Welche Motive beflügeln, begeistern uns?

Wo gibt es impulsgebende Ansätze? Zeitgemäße Qualität? Offensive Fortschritte? Visionen? Sinnstiftendes? Wo sehen wir professionell durchgeführte Arbeit, die, wenn sie in der Szene bekannt(er) sein würde, Andere anregen könnte? Wo finden Paradigmenwechsel statt? Wo werden Anachronismen, Dogmen und festgezurrte Muster überwunden?

Wo also ereignet sich jetzt eine Wende in der eurythmischen Kunst?
 Gefordert sind ein wachsames Auge und Ohr! Bewusstsein für eine ganze Bewegung bzw. für etwas, was sich gerade im eigenen Umfeld ereignet …

  1. Professionelle Bühnenarbeit

Wie entsteht Professionalität? Was sind hier die anzustrebenden Kriterien? Haben wir die klar vor uns?
 Was sind Merkmale um eine Bühnendarstellung als qualitativ hochwertig zu bezeichnen?

Ist es nicht dringend an der Zeit, uns darüber sehr konkret Gedanken zu machen?

Und uns darüber im größeren Rahmen auszutauschen? Gibt es Zukunftsvisionen? Wo gibt es diese? 
Wo sind die Genies? Kann es überhaupt Genies unter uns geben? Hätten sie Chancen?

Diversität im Bühnen-Eurythmie-Angebot. Gab/Gibt es die? Von klassisch bis hin zu avantgardistisch/absurdistisch?

Wer repräsentiert welche Richtung/Strömung? Welchen Stil? Gibt es so etwas wie ‚zeitgemäß’? Wird entsprechend dramaturgisch gearbeitet? Wird überhaupt mit Dramaturgie als eigenständige Disziplin im Produktionsprozess gearbeitet? Wo? Und wie? Was nehmen wir wahr?

Aufführungen / Produktionen / Performances / Eurythmie-Theater / Site-specific Performances / Mitwirken in Produktionen mit anderen Künsten (disziplinübergreifend) usw. / Welche Ensembles haben in diesem Sinne ein Repertoire?

Haben wir kompetente ChoreographInnen unter uns? Oder DramaturgInnen? Wo sind diese tätig? Mit welchen Ensembles?

Gibt es so etwas wie eine Eurythmie-Szene? Was wären Kriterien um diese Frage zu bejahen? Warum ist eine Szene notwendig?

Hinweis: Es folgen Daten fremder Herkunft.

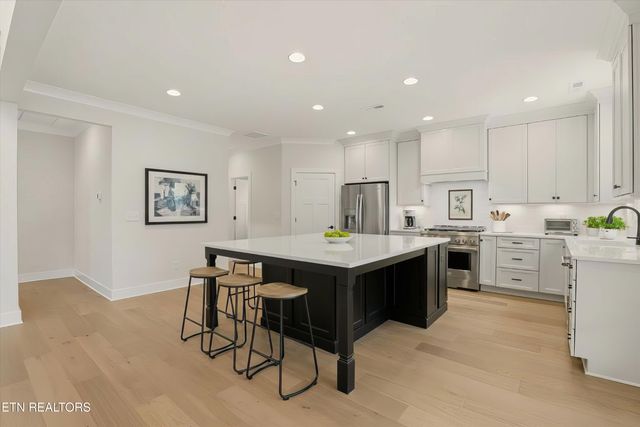 8167 Nubbin Ridge Rd, Knoxville, TN 37919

Haben wir heute wirklich kompetente und professionell arbeitende Kompanien? Wo sind sie tätig? Unter welchen Bedingungen? Werden diese Ensembles tatsächlich genügend, also Existenz tragend engagiert? Werden sie wahrgenommen?

Werden sie gefördert? Oder gar regelrecht gemieden bzw. blockiert?

  1. Spielstätten

Die Freien Waldorfschulen waren eine Zeit lang unsere Gastgeber: die unerhörten Chancen dieser Waldorf-Bühnen …
Wurden/werden sie (noch) genützt? Waren/wären es nicht Chancen um eurythmische Kunst in der örtlichen Kulturszene zu verankern? Gilt das jetzt auch noch? Wo gelingt es? Was wird dort geleistet? Selbstkritische Auseinandersetzung ist erforderlich!

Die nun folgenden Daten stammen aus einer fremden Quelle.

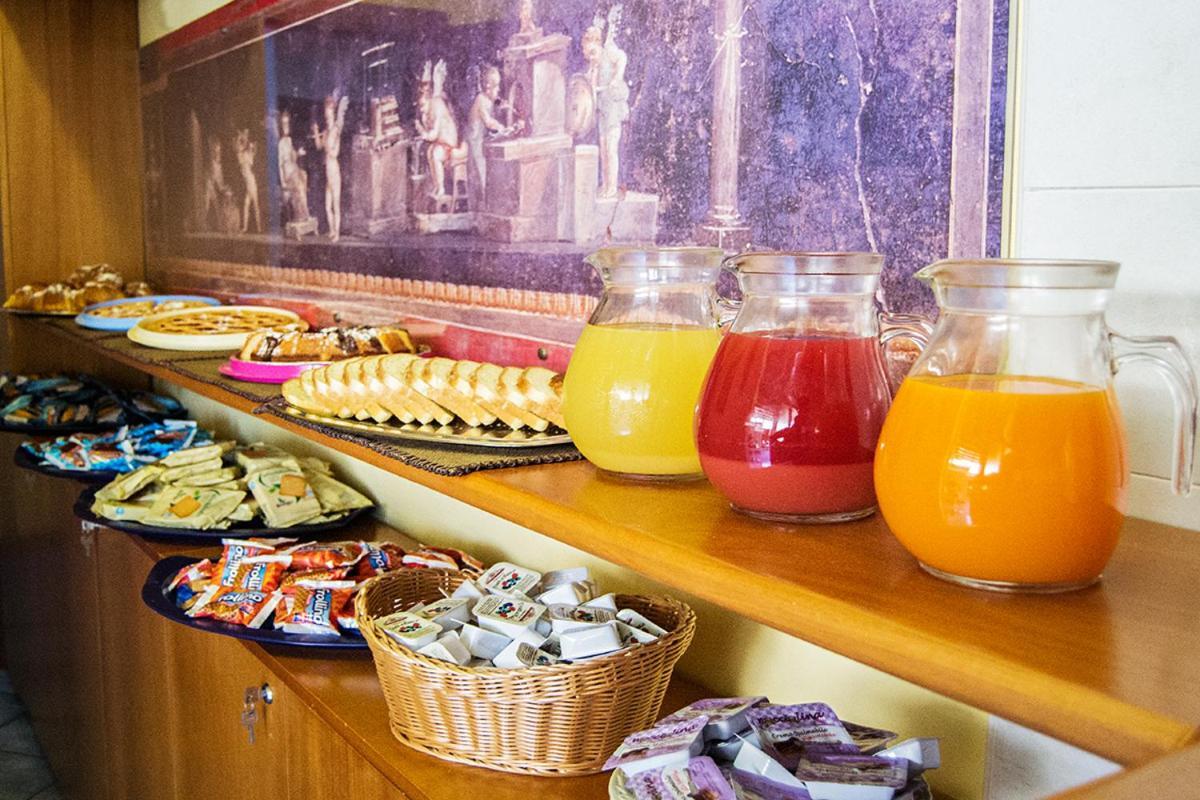 Hotel Piccolo Sogno بومبيي المظهر الخارجي الصورة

Aber auch: Dialog mit der örtlichen Bühnen-Szene … Wo lebt diese Auseinandersetzung, wo dieser Dialog? Würden wir diese Prüfung, d.h. Auseinandersetzung bzw. Konfrontation mit der zeitgenössischen Bühnen- welt bestehen? … So erlebt? Wo?

In welchen ‚öffentlichen’ Spielstätten/Kontexten traten/treten Ensembles auf und wozu führte/führt das? Wer saß/sitzt im Saal und schaut(e) sich solche Ensembles an? Gibt es Publikums-Untersuchungen? Wo stehen wir?

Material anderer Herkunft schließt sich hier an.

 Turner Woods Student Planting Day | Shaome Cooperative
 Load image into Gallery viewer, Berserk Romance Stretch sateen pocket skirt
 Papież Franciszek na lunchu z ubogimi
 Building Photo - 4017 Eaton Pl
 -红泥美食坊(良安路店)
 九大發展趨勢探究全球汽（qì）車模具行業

Erreichen wir überhaupt ‚Öffentlichkeit’ oder ‚nur’ Insider? Spielen wir immer nur auf eigenes Risiko?
Wie sieht es aus mit context-exploration? In welchen Kontexten wurde/wird aufgetreten?

Was sind die Erfahrungen? Wie wird auf den jeweiligen Kontext eingegangen?

  1. Professionelle Agenturen / Arbeitsformen

Impresariat/Agentur-Arbeit in den vergangenen Jahren: Imke Jelle van Dam, Thaddäus Heil, Jurriaan Cooiman… Jurriaan Cooiman und seine wunderbaren Impulse, die leider verpufften… Warum wurden sie nicht bzw. kaum aufgegriffen? Eurythmie-Messen, Forum-Treffen mit Versuchscharakter … Artist-in- Residence … Abonnement-Reihen (z.B. in Wien von Brigitte und Ernst Reepmaker initiiert) …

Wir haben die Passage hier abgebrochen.